Which lines of the records contain the word "Framed"? Copy each one.

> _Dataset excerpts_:
*** Block opens ***

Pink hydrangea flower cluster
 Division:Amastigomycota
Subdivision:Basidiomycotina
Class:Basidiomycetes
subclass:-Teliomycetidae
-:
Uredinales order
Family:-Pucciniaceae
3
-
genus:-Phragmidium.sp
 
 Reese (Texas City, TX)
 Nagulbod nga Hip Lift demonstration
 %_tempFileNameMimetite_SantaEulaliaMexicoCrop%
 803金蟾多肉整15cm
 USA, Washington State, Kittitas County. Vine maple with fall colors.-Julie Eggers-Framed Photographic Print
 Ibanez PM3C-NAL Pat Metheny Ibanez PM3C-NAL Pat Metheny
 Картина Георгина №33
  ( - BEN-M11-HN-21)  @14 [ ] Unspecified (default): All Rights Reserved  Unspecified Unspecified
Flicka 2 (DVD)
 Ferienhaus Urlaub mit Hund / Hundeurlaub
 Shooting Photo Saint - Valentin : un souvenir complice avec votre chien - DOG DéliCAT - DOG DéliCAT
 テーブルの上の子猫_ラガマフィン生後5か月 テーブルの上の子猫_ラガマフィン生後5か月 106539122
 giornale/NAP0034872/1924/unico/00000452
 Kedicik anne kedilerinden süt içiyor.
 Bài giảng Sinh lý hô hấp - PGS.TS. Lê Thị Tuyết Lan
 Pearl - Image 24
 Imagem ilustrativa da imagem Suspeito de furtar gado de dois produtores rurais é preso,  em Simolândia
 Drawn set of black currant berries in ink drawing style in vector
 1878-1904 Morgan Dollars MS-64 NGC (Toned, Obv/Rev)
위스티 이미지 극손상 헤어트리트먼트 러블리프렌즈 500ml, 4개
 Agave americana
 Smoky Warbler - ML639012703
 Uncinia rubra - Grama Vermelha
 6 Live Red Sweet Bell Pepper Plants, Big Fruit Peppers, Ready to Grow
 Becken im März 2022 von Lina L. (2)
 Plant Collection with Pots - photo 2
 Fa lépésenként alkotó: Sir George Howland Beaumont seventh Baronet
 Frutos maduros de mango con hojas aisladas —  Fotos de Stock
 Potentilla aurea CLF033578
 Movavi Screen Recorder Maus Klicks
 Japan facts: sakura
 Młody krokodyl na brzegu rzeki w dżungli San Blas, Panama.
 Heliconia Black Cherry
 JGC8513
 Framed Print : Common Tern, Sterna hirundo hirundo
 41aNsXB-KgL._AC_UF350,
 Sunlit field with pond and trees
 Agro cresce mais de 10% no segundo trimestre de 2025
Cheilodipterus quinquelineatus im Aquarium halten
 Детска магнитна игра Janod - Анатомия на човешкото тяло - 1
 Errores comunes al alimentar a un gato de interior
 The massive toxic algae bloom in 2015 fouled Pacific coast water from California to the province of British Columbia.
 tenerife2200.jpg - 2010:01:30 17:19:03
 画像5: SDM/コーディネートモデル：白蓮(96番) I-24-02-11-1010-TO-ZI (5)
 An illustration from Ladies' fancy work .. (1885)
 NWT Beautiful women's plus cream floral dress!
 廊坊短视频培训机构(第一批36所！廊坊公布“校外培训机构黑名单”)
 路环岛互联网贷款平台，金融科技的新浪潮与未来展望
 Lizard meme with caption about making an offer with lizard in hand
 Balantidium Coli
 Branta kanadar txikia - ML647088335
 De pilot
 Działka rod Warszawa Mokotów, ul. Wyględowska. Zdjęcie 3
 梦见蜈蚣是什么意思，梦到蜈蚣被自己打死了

*** Block closes ***

> _RESPONSE AREA_:
 USA, Washington State, Kittitas County. Vine maple with fall colors.-Julie Eggers-Framed Photographic Print
 Framed Print : Common Tern, Sterna hirundo hirundo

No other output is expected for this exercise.